Wicker Park Lutheran Church

Vicar Taylor Walker

January 28, 2024

Today our first reading came from the book of Deuteronomy, which is the last book of the Torah. And Deuteronomy is a very special book, although it can be a little hard to understand sometimes. But we know this book and its stories are very important to God, because Jesus quotes Deuteronomy more than he quotes any other part of scripture, and it’s by far the book that Paul and his contemporaries reference the most often. So let’s see what treasures it has for us today.

To put our reading in context, at this time in our history, the people of God were wandering. It’s a beautiful fact of the English language that wandering sounds so much like wondering. They were wandering and wondering, between a known and painful past in Egypt, and an uncertain but maybe beautiful future in Canaan, the Promised Land.

And in between pain and the promised land was the desert.

The desert is a dangerous place. The winds are always shifting, and the dunes of sand are always changing.
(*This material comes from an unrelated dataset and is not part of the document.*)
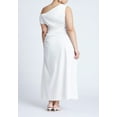 thumbnail image 2 of ELOQUII Women's Plus Size One Shoulder Maxi Dress, 2 of 4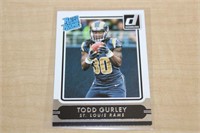 2015 DONURSS RATED ROOKIE "TODD GURLEY"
It never quite looks the same. There is nothing to eat, or drink, and almost nothing grows there.

According to the wisdom of this world, there is no reason to enter a desert at all. It’s interesting, though. That’s where God so often seems to meet God’s people. Only once they are far away from easy lives and comfortable answers.

When the Israelites moved through their desert, Moses was their guide. Their prophet. Moses, with his sister Miriam, his brother Aaron, and his wife Tzipporah, led the people out of Egypt. He led them for many, many, many years. Over the years, Miriam died, and Tzipporah died, and Aaron died, but Moses kept going. Kept leading. Kept bringing down wisdom from holy mountains. And forty years in, the people grew anxious. You can probably sense some of that anxiety in our text today. You can practically hear them saying, “Moses, you’re getting on in years. We’re not there yet, how are we going to get there without you?”

In comes Deuteronomy, the love letter, given from Moses to the Israelites to soothe their anxiety about the future of the people of God. Moses said all these things in the fortieth year, on the first day of the eleventh month: “Do you remember what you said to me at Mount Horeb? (If you forgot, that’s the place where I brought you the Ten Commandments, and it’s also the place that you all made that golden calf to worship…). I was on the mountain, in the fire, and I heard the voice of God, and I brought you God’s message. And then you said, ‘Who else is there on the planet who has heard the voice of the living God and lived? Only you. If any of us went into that fire, we would die. But you, Moses, you have walked on God’s mountain and spent time in God’s fire. You’re the only one we can trust to be our prophet.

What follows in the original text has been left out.